The purpose of this article is to provide essential knowledge on the pathogenesis, diagnosis, possible complications and management of odontogenic infections allowing the establishment of a treatment that contains the infection localized, avoiding its dissemination towards deep anatomical spaces; thus, ensuring the patient's safety.
Immune response is mediated by the immune system, which is a complex of specialized cells that function as a protective barrier and is composed of an innate system and an acquired system [7].
The innate system is a non-specific defense mechanism that activates upon contact with an antigen. The acquired system, on the other hand, is an antigen-specific defense mechanism which has the capacity to recognize the antigen that is facing. Thus, creating memory cells that identify and act quickly against an antigen in case of new exposure [7]. The cells that comprise the immune system are leukocytes consisting of T, B and killer lymphocytes, granulocytes such as neutrophils, basophils, eosinophils and mast cells, and antigen-presenting cells such as macrophages, Langerhans cells and dendritic cells [8].

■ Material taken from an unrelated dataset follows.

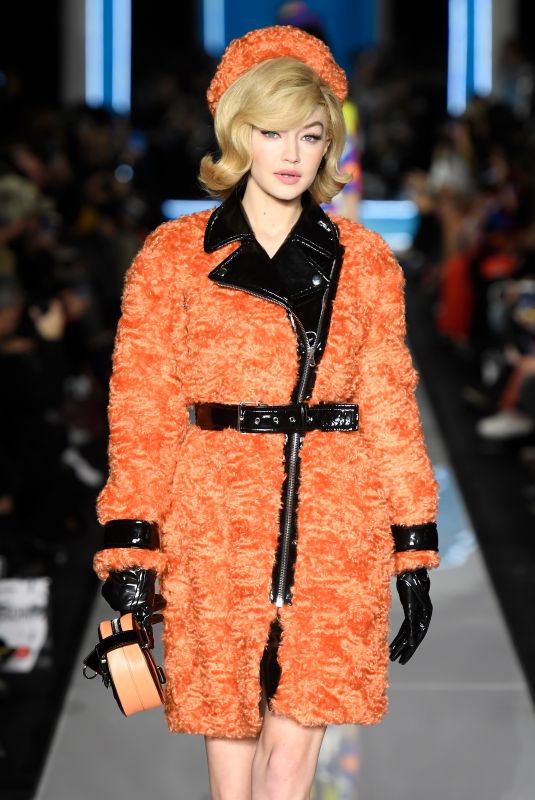 GIGI HADID at Moschino Runway Show at Milan Fashion Week 02/21/2018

Bacterial invasion induces a series of immunological events to fight infection. The first defense cell of the organism is the macrophage, which fulfills a dual function by releasing chemotactic factors that attract neutrophils to the site of the lesion and as an antigen-presenting cell to the neutrophils, responsible for bacterial phagocytosis. The release of chemical mediators such as histamines, bradykinins, cytokines and prostaglandins, causes vasodilatation and opening of spaces between endothelial cells allowing the extravasation of plasma into the interstitial spaces where it accumulates, followed by the formation of fibrin. During an infectious process the classic signs of inflammation such as swelling, erythema, pain, edema and loss of function are observed [9]. This process is summarized as: 1) Hyperemia due to vasodilatation; 2) Plasma and leukocyte extravasation; 3) Increased permeability and neutrophil diapedesis; 4) Fibrin wall formation; 5) Bacterial phagocytosis; 6) Deposition of necrotic material by macrophages [2].
There are multiple conditions that lead to a depression of the immune system such as long-term use of corticosteroids, transplants, HIV, alcoholism, liver disease, diabetes, among others [10].

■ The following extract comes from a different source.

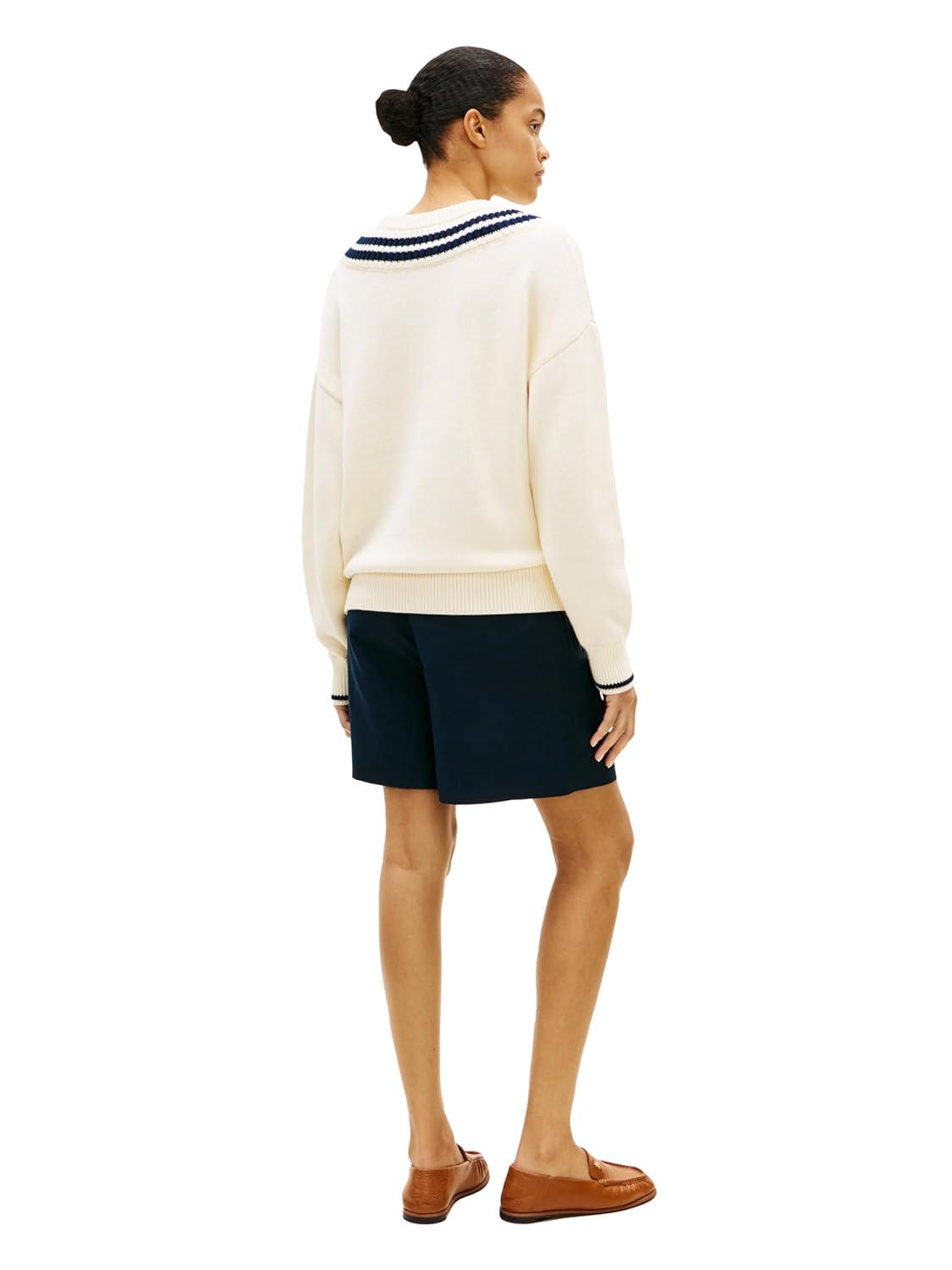 imageTommy Hilfiger Womens Cotton Crew Neck Sweater Varsity Sweater PulloverCalico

The presence of immunosuppressive medical conditions is very important in the development of OI. Systemic diseases, even more than the location of infection, have been shown to influence in longer hospitalization and recovery time [11].
The most common systemic condition is diabetes, which when uncontrolled, increases the severity of infection and hospital stay due to decreased immune system function [12].
In uncontrolled diabetes hyperglycemia occurs, affecting the defense cells, favoring the persistence of an infectious process due to the following factors [7,13,14]:
1. Decreased chemotaxis, adhesion, migration and phagocytosis of leukocytes. They present less defensive capacity against bacteria and prolong the inflammatory state.
2. Decreased proliferation of fibroblasts, endothelial cells and collagen. Impairs tissue repair.
3. Macrophages and monocytes evade apoptosis, thus increasing cytokine production and prolonging the inflammatory process. Chronic inflammation increases insulin resistance.
4. Microangiopathy decreases blood flow and consequently decreases oxygen and nutrients to defensive and reparative cells. Also, it hinders the arrival of antibiotics to the site of infection.
5. Decreased proliferative capacity of keratinocytes which delays re-epithelialization of wounds.
The normal oral flora is mixed, composed of aerobic/facultative anaerobic and strict anaerobic bacteria [15]. Aerobic bacteria have the ability to survive and grow in an oxygenated environment. They prepare the environment for the proliferation and invasion of anaerobic bacteria which survive and develop in a hypoxic environment. Strict anaerobic bacteria are responsable for greater invasion and destruction of tissues due to their high virulence [4].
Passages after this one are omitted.